* **Try it**
Print the lines in the listing below starting at the line with "New Getaway House With 2 Free Parking *" and ending at the line with "Building Photo - 4525 Bougainvilla Dr", both included. Reproduce them exactly and omit every picture.

* **Supplied records**
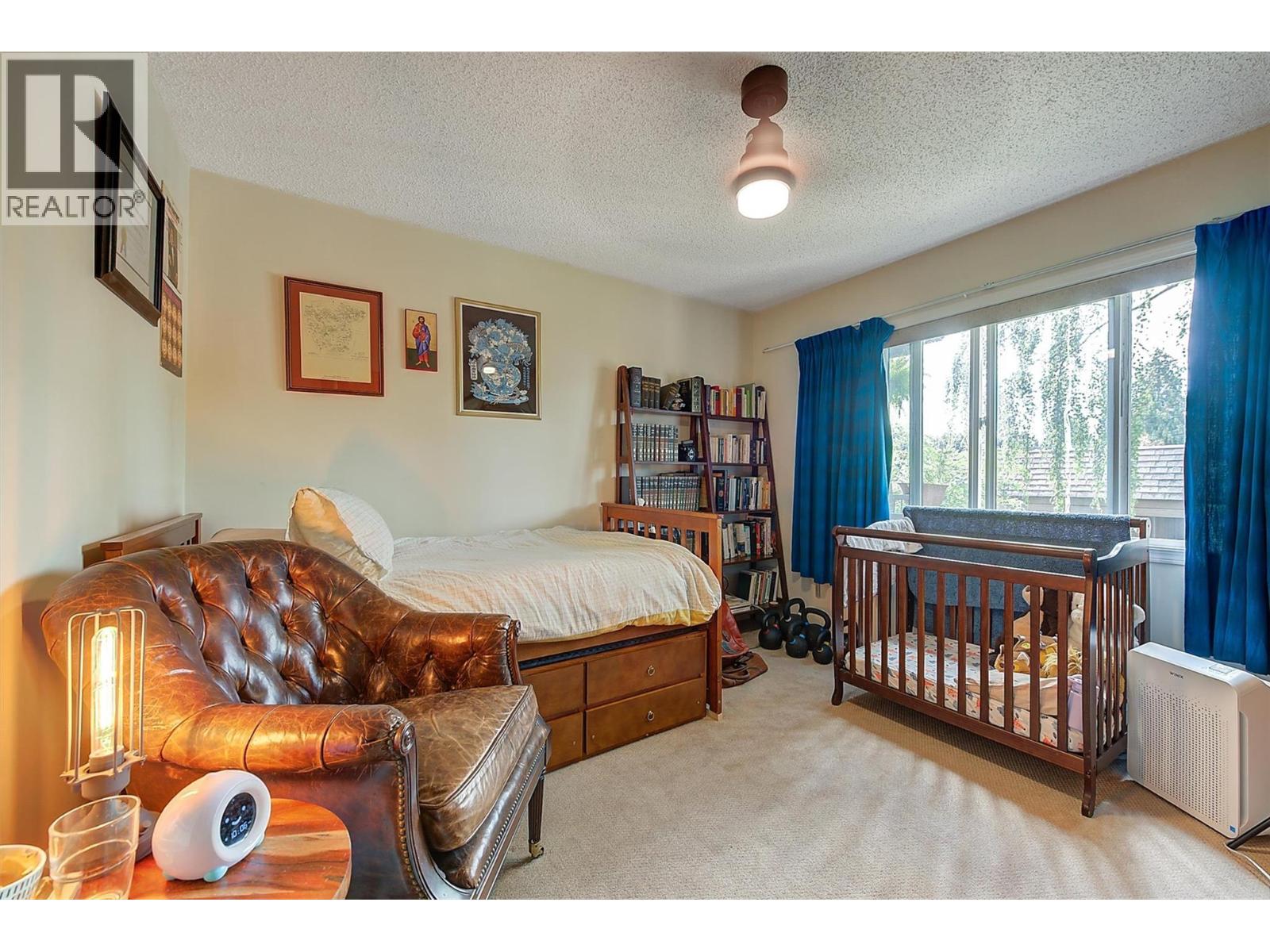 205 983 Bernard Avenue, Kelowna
--
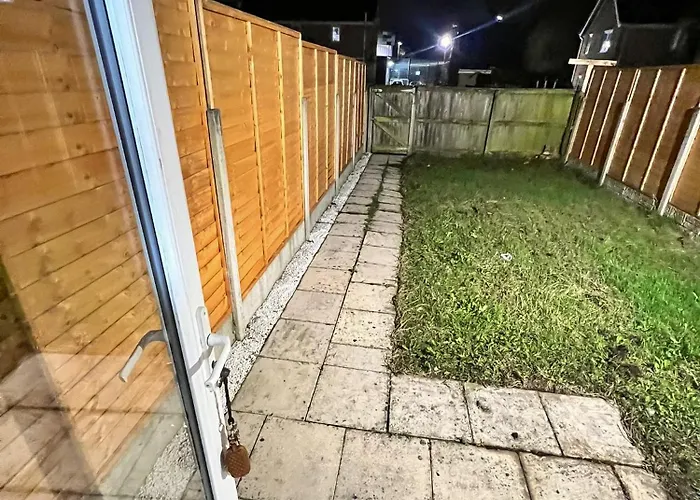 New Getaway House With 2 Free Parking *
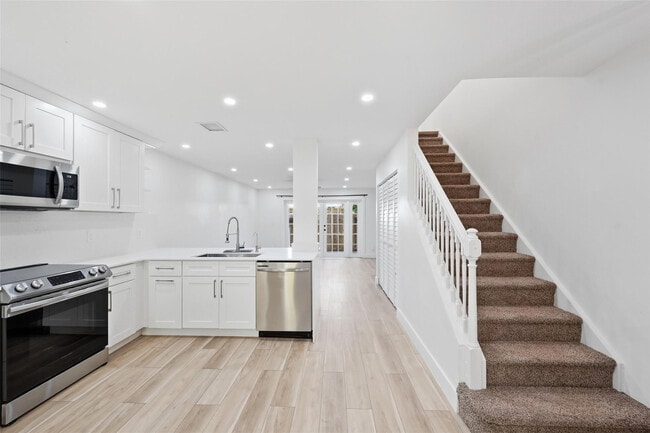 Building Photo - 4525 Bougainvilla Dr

* **Solution for this task**
 New Getaway House With 2 Free Parking *
 Building Photo - 4525 Bougainvilla Dr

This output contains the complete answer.